The arms are natural long levers which throw a greater stress on the deltoids than one realizes. In pronounced deltoid movement every ounce of weight he holds in his hand increases the deltoid stress. Therefore, he should realize that in the development process, the deltoids should be given full consideration. 

Deltoid exercise provides many interesting and fascinating movements. The Crucifix exercise is not the only one. There are many others, even though they may never have been brought to your attention. Strangely, they have rarely been discussed. Yet, they are such that will make deltoid exercise as great a pleasure as any other form of exercise. Not only this, but they will tend to give you a development of certain forearm muscles that most bodybuilders find difficult to obtain. Particularly is this true in developing the supinator longus of the forearm -- the muscle that shows its bulk on the front of the forearm mainly at the elbow joint,  and rolls over the elbow into the back of the arm. This muscle is what straightens the forearm with the upper arm, and is constantly brought into play in deltoid exercise. There is nothing better for developing strength into the wrists, in addition, in all deltoid movement you have trapezius-latissimus dorsi and pectoral action -- very important members in your muscular scheme.

In this article, I am going to make deltoid exercise much easier for you. I am going to make it more pleasant and free you from that objectionable kink. Moreover, I am going to lessen the leverage in a series of progressive exercises which I am outlining here for the first time. At the same time, you will be able to employ more weight, if you wish. At any rate, your progressive range of handling weight will be amplified safely. There will be no wrist strain, as one finds with the old fashioned kettlebell weights, or even with heavy dumbbells. At the same time the wrists will obtain special benefit in flexibility and strength. 

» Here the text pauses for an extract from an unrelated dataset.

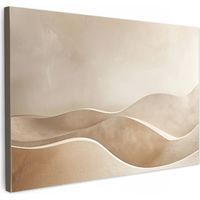 TABLEAU SUR TOILE Beige - Nature - Abstrait - Moderne Toile Decoration Murale Grand 140x90 cm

Do not start out with the set idea to use dumbbells or the combination kettlebell dumbbell, as heavy as possible. Be reasonable. Start out gradually. It is easier for you to step up than come down. As progression takes place, you can always increase accordingly to your growth in power. Different exercises call for different weight arrangements. Some permit heavier weights than do others, but be sensible in selecting weight per exercise. If one exercise calls for much less weight -- use it. Do not let vanity get the best of your better judgement. The successful one is he who prepared wisely. Follow this example and your improvement will be more noticeable. 

Study carefully the exercises supplied with this article. You will like the graduated half-bent-arm movements. They will prepare you for full-straight-arm movement. The deltoids and the wrists will be strengthened naturally, and smoothly. If you are interested in securing the fullest in muscular development, you will find greater possibilities in increasing your performing ability with heavier weight, and obtain a more powerful development than what has been heretofore possible.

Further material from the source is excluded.